The plight of the working stiff DJ is defined by extreme peaks and valleys. One minute you’re throwing down a wicked Trap set at a celeb-hosted night at the new hotspot, sharing a shot with Lindsay Lohan and blowing your own air horn with Yeezus-level hubris. The next, you’re hustling for promoter gigs just so you afford a cab home from the venue.
Being a working stiff DJ is also confusing to other people.
“Do you have fans who come and see you play?” a former college professor asks over coffee. “Do you do Molly, like, every night?” inquires a ginger-haired Tinder date. “Do you introduce each song before you play it?” asks my grandmother at every birthday dinner ever. “Can you get me into 1Oak?” begs my younger cousin constantly. (I can barely get myself into 1Oak).
Working stiff DJs are also always spinning in situations where people can directly approach you and say all kinds of weird and disheartening shit, often including but not not limited to, “Did you know Paris Hilton is a DJ now too!?”
One of my favorites — or least favorites depending on how you interpret the word “favorite” — is when a former DJ encounters a working stiff DJ and drops the notorious “You know, I used to be a DJ!”
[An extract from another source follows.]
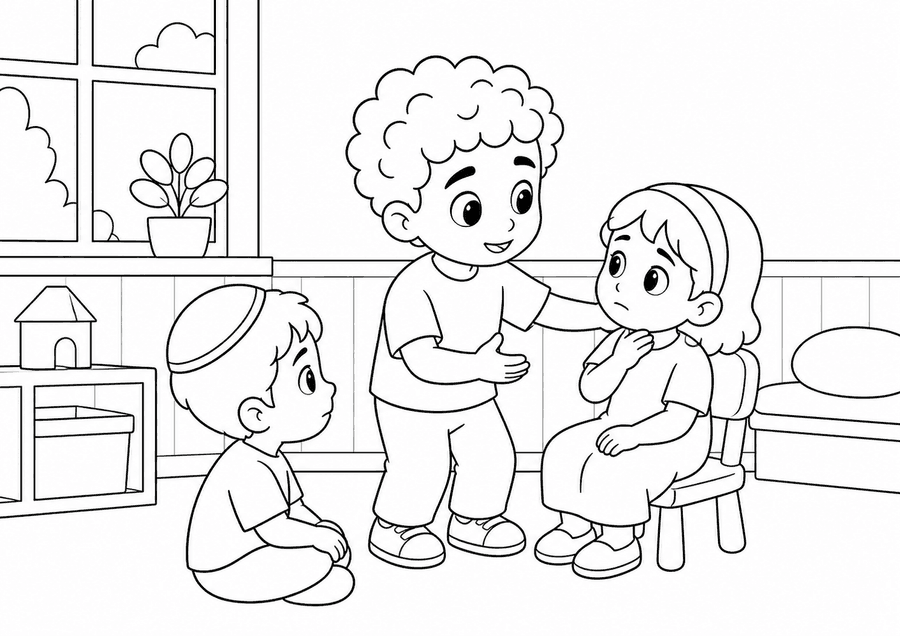 דף צביעה: פרשת דברים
The bearer of this proclamation is often a white dude in his late 30s, a guy who now works in finance and somehow ended up with your friends at the club that night. After you’re introduced, he lingers around the booth while the rest of the crew has gone to the bar and waits for the perfect moment to bond. Then he seizes the opportunity. “Hey, you know I used to DJ,” he says with a glimmer of hope in his eye, praying for acknowledgment.
“Really? Cool,” you respond, attempting to turn back to your computer and immediately terminate the conversation. “Yea, back in the late ’90s I played at a couple of office parties for my friends. Pretty fun stuff!” Pretty fun stuff indeed, buddy! When this event occurs, the working stiff DJ might feel resentment because every one of us knows deep down inside that we too may one day be “used to be a DJ”-guy. It’s mortifying.
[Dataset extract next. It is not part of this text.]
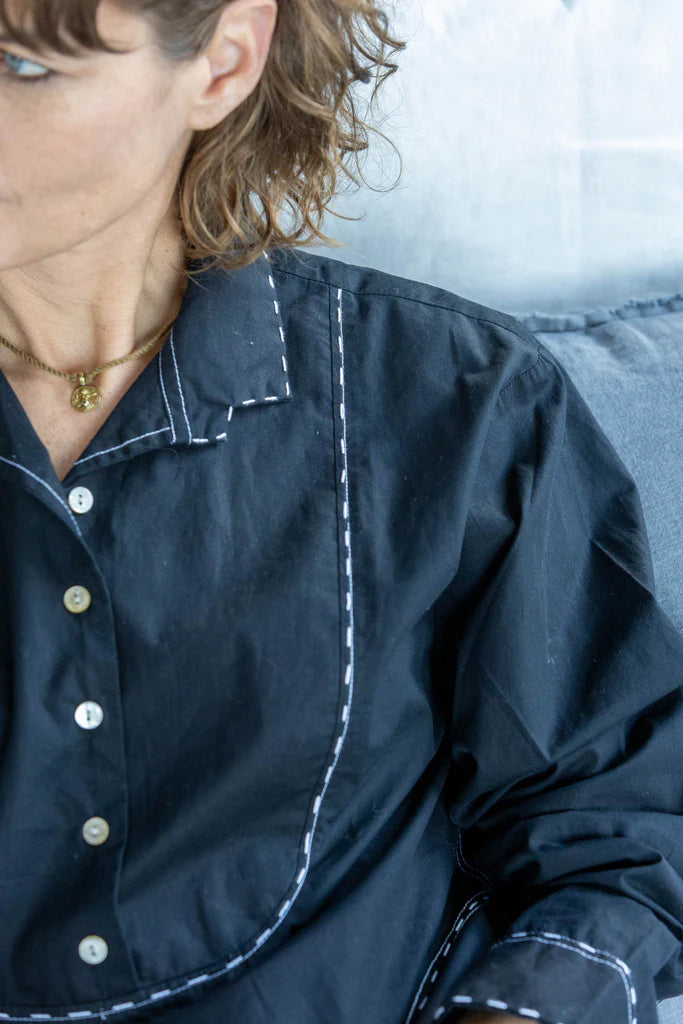 Poplin Dinner Shirtdress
But being a working stiff DJ, even though you’re not regularly crushing Coachella or even Output, and even when you’re being mislabeled as “DJ Louie XXIII” on a flyer despite having worked at the venue numerous times in the past, is still a pretty awesome gig. The reason used-to-DJ guys is so scary is because deep-down, anyone who gets to play music for a living is a pretty lucky motherfucker and we wouldn’t trade it, no matter how confusing what we do is to other people, or to ourselves for that matter. I mean getting to answer the question “What do you do?” with “I’m a DJ!” is the absolute SAUCE, whether you’re Mark Ronson or you’re just Louie XVIIWECIVIF.